* THE RECORDS:

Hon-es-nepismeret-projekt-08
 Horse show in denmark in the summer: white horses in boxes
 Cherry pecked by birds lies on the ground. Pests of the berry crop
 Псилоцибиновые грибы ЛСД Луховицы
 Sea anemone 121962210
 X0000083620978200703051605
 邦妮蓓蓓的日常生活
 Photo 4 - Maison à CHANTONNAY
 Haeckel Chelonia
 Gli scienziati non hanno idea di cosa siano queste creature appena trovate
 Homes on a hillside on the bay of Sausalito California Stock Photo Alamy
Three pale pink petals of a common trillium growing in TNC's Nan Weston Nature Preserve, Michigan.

* TASK GOAL:
Scan the material above for the string "Photo". Return each line where it occurs.

* EXERCISE ANSWER:
 Photo 4 - Maison à CHANTONNAY
 Homes on a hillside on the bay of Sausalito California Stock Photo Alamy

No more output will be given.